» **Work task**
The expected result is a verbatim repetition of the lines from the start of the entries through the line containing "Burgundy Petra skirt", with the pictures removed.

» **Excerpted records**
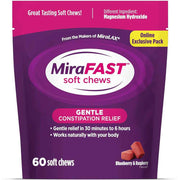 MiraFAST Soft Chews Gentle Constipation Relief 60 In Front Of White Backround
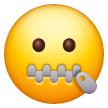 Zipper-mouth Face on Samsung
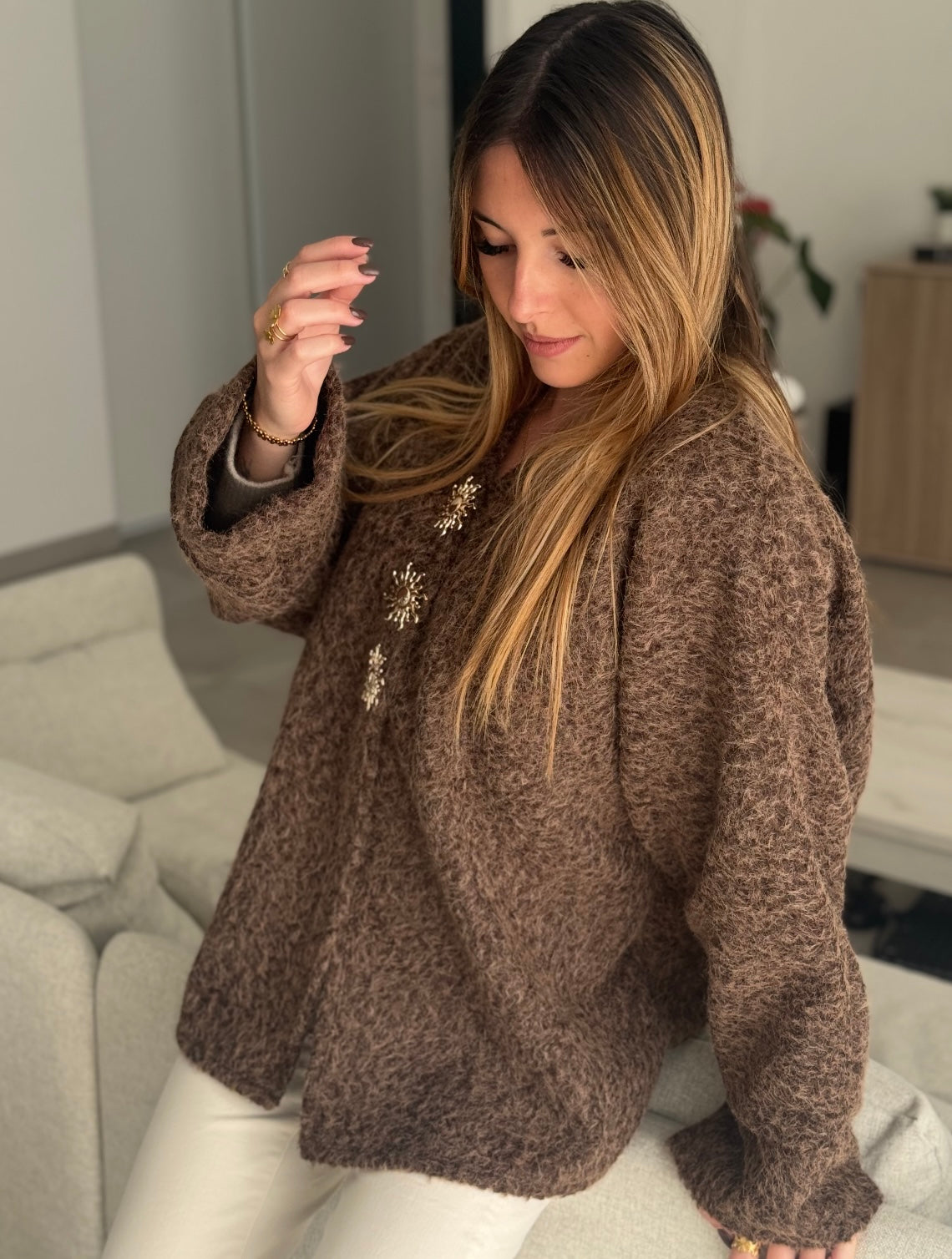 VESTE MALVINA CHOCOLAT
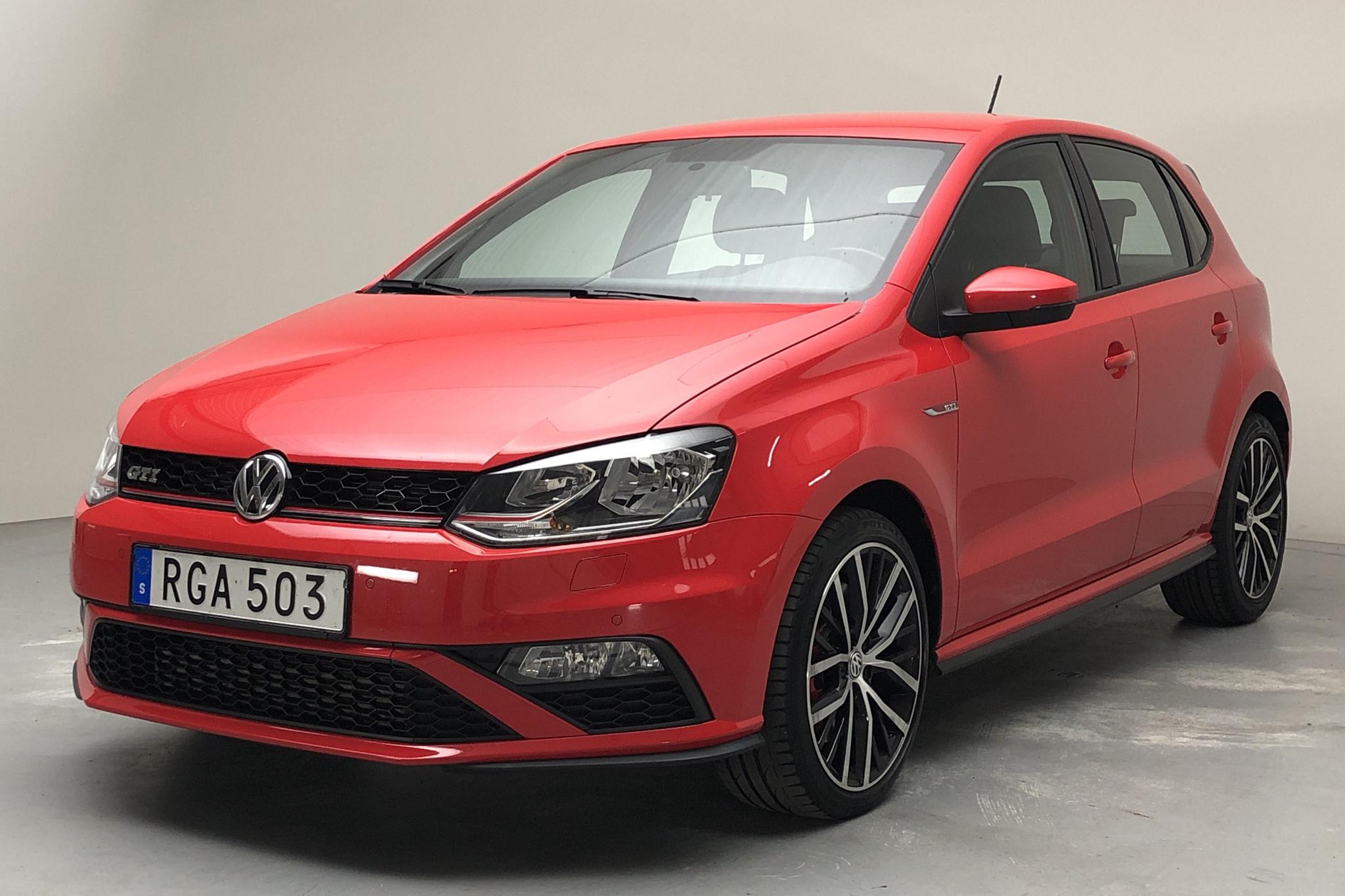 VW Polo 1.8 GTI 5dr (192hk) - 25 030 km - Automatic - red - 2017
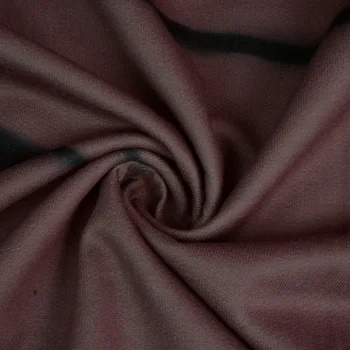 Femeile Cravată Cu Dungi De Imprimare Tricou Casual Pulover Vrac Maneca Lunga Tunica Topuri Epocă Simplu All-Meci Gât T Shirt
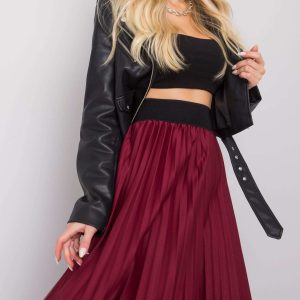 Burgundy Petra skirt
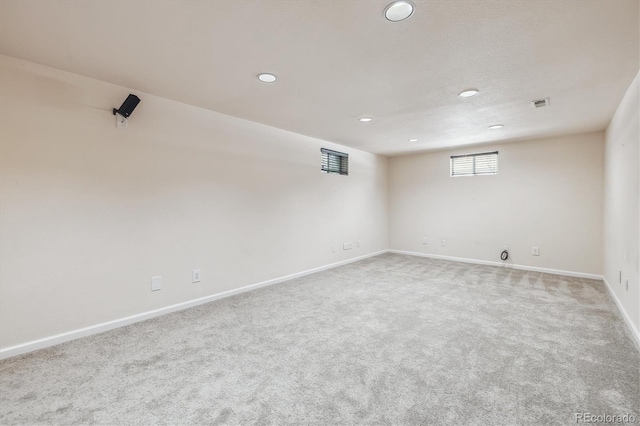 8445 Lamar Dr, Arvada, CO 80003 - unfurnished room with recessed lighting and carpet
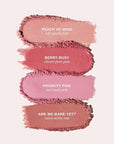Wander Beauty Hydrating Powder Blush - Lightweight, Rose Blush Makeup with a Blurring, Satin Finish - Buildable Formula with Hyaluronic Acid, Squalane & Aloe Leaf Extract - Are We Bare Yet - 0.18 oz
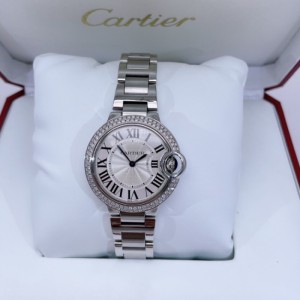 Lady Cartier quartz Performance cargo Cartier Blue balloon 33 metros de diámetro con relojes de mujer de cuarzo Diamante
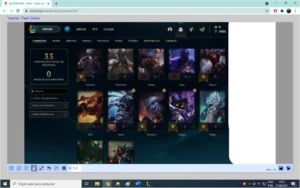 Vendo conta MESTRE MELHORES skins - League of Legends LOL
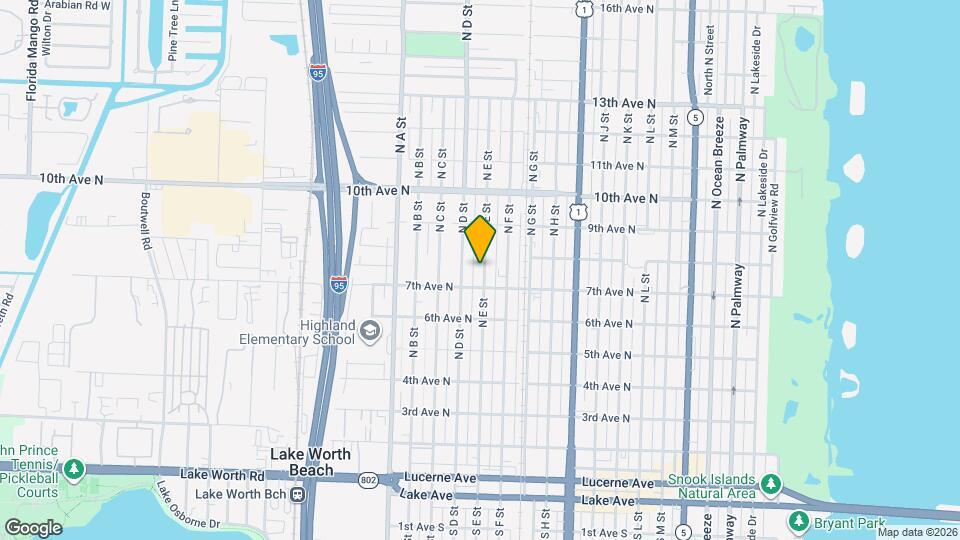 717 N E St Map and Location Details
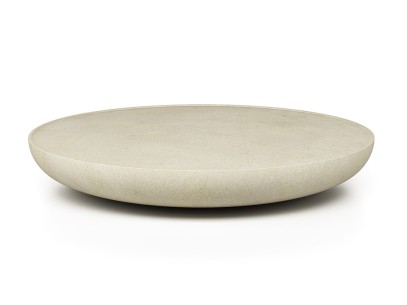 Mesa de centro redonda microcemento baja Nika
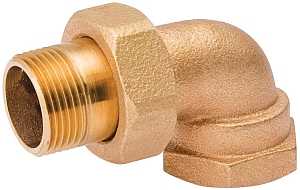 B & K 109-383 Radiator Elbow Nut and Tailpiece, Brass, 2.5 in L x 1.7 in W x 1.3 in H Dimensions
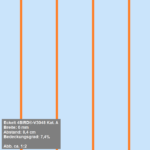 Vogelschutzfolie Linien orange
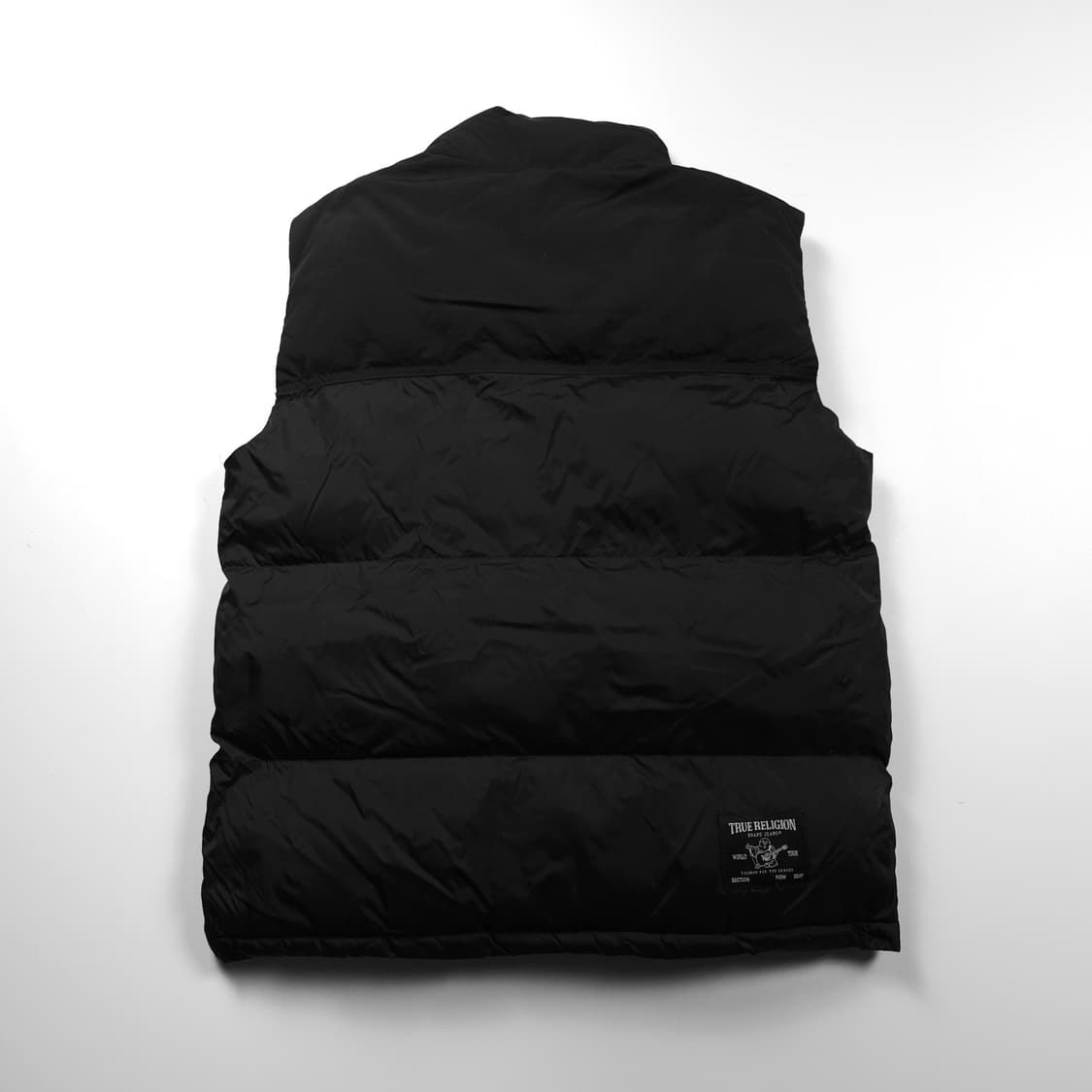 트루릴리젼 로고 패치 블랙 패딩 베스트 (XL)  상품이미지2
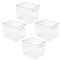 mDesign Plastic Kitchen Pantry Storage Organizer Container Bin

» **Reply**
 MiraFAST Soft Chews Gentle Constipation Relief 60 In Front Of White Backround
 Zipper-mouth Face on Samsung
 VESTE MALVINA CHOCOLAT
 VW Polo 1.8 GTI 5dr (192hk) - 25 030 km - Automatic - red - 2017
 Femeile Cravată Cu Dungi De Imprimare Tricou Casual Pulover Vrac Maneca Lunga Tunica Topuri Epocă Simplu All-Meci Gât T Shirt
 Burgundy Petra skirt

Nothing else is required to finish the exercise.